Storing individual memories
With the Sony Portapak, video became available, and indeed affordable, to the masses. The new technology was hugely promising: Individual memories could be stored, and most importantly, they were worth storing. The images were recorded in real time and replayed in exactly the same way, and it was only this way that television became possible: “The TV image is not a still shot. It is not photo in any sense, but a ceaselessly forming contour of things lined by the scanning finger,” noted media theorist Marshall McLuhan.
Television became the leading medium. The 1960s came to an end and Portapaks were not only the tool of video artists, but also the weapon of choice for activists. In the USA the “alternative media movement” formed within the underground scene, with stations broadcasting on open local channels. There was a magazine called “Radical Software,” published between 1970 and 1974, and DIY manuals with titles like “Guerilla Television.” “Guerrilla Television is grassroots television,” said its author Michael Shamberg. In addition, in his book he explains that guerilla television producers film entirely differently to other broadcasters, namely not from a supposedly neutral standpoint, but rather as participating observers: at protests against the Vietnam War and rallies against the Nixon government.
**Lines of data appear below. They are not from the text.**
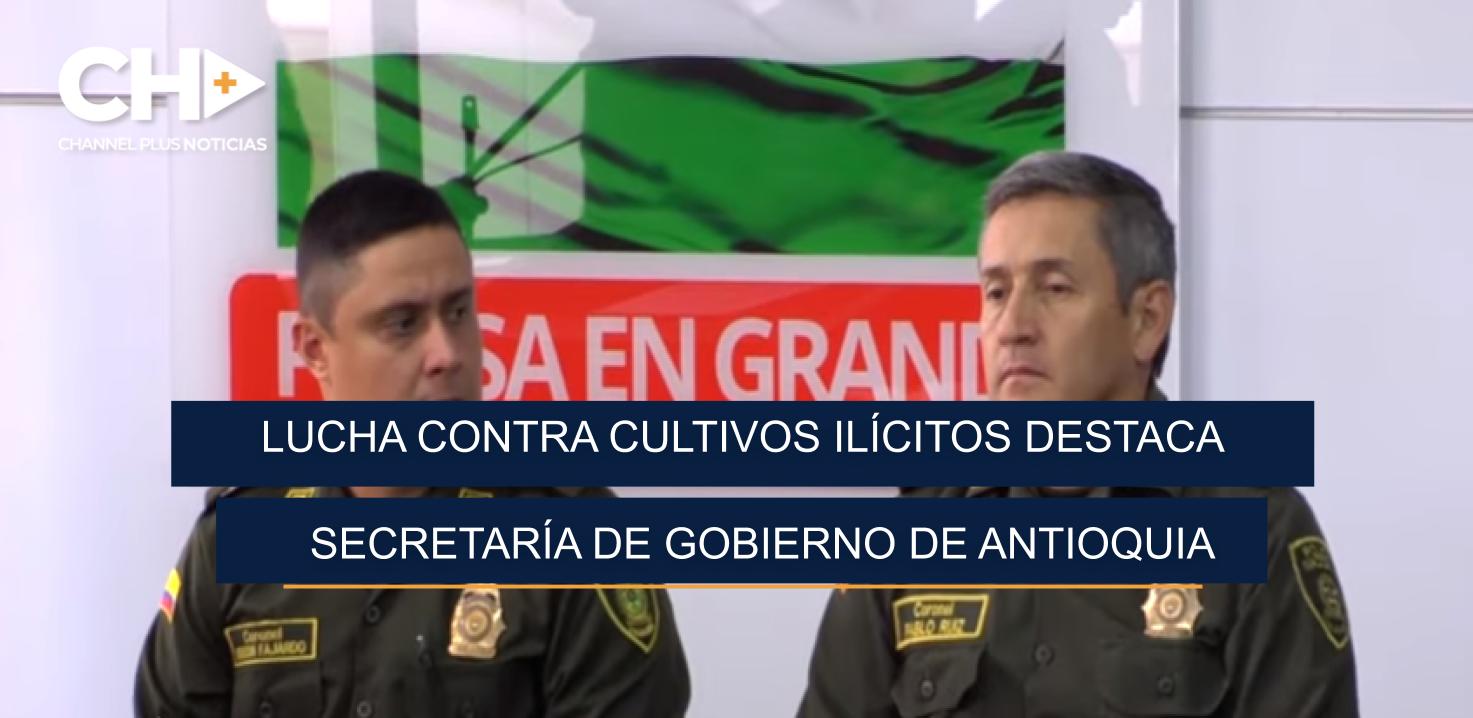 LUCHA CONTRA CULTIVOS ILÍCITOS DESTACA SECRETARÍA DE GOBIERNO DE ANTIOQUIA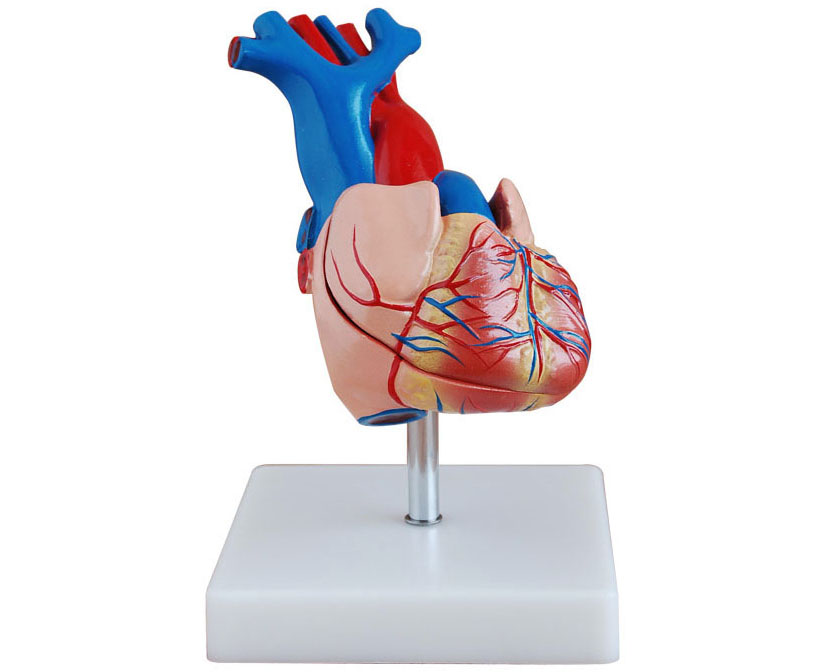 HL/XC307A 自然大心脏解剖模型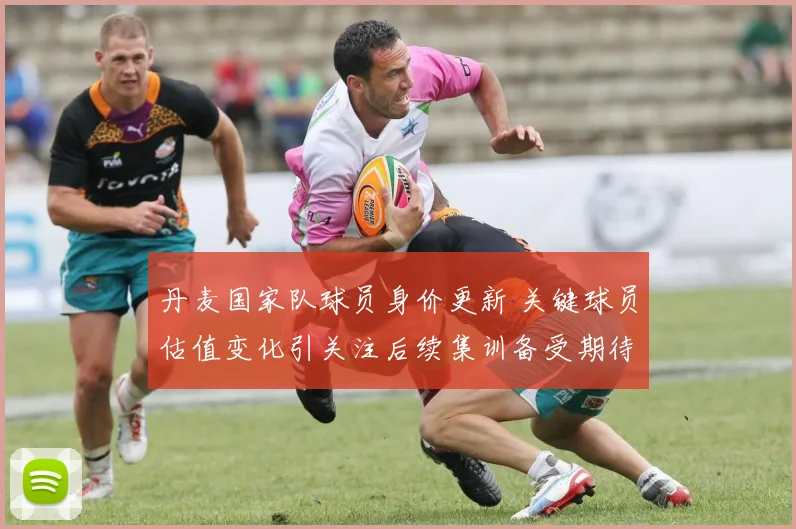 丹麦国家队球员身价更新 关键球员估值变化引关注后续集训备受期待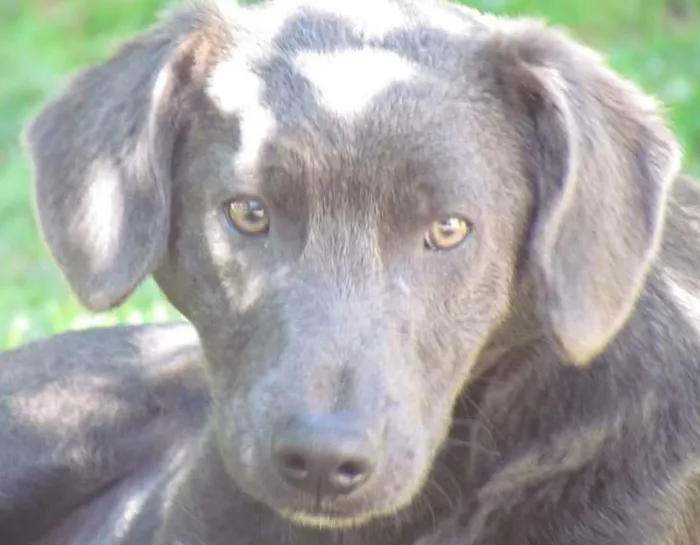 Cachorro ra a SRD idade 7 a 11 meses nome TOTY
TV Party: a political cocktail party
“Welcome to TV Party, a TV show that’s a cocktail party, but which could be a political one,” was the catchphrase of Warhol scholar Glenn O’Brien at the end of the 1970s. He had previously been an editor on Warhol’s “Interview Magazine,” then became the presenter of “TV Party,” a show on New York’s public access television, and he carried forward the subversive legacy of the late 1960s and early 1970s. Yet the Lenin portrait in the background could not hide the fact that the political agitation of the 1960s was over. O’Brien was a trickster and he took an anarchic pleasure in confusing viewers as much as possible. For this show, Glenn O’Brien got Debbie Harry, Klaus Nomi, David Byrne and even Jean-Michel Basquiat in front of the camera, and it was here that Basquiat made his first TV appearance.
“It takes many years and a lot of patience before a bonsai really looks like a bonsai,” said Japanese engineer Shizuo Takano, who liked to cultivate the miniature trees in his spare time. It was in 1976 that he and his colleague Yuma Shiraishi presented the VHS cassette. Some claimed that Betamax offered better picture quality, while others pointed out that VHS cassettes offered two hours of recording. In any case, those who could afford it no longer needed to set up a rattling 8-mm projector in their living rooms, let alone the cumbersome screen. This was the final new development in the age of the magnetic tape before it was superseded by digital storage media, and up until the early 2000s the black cassettes were the medium of choice for borrowing, circulating and overwriting movies.
It’s no surprise that Basquiat was fascinated by video; indeed, in this decade of Punk and post-Punk it represented the most modern of media. It made it possible to enjoy the movie theater at home. Perhaps, however, it’s the logic of the medium itself that fitted so well into the decade of postmodernism: copying, editing, overwriting, copying again.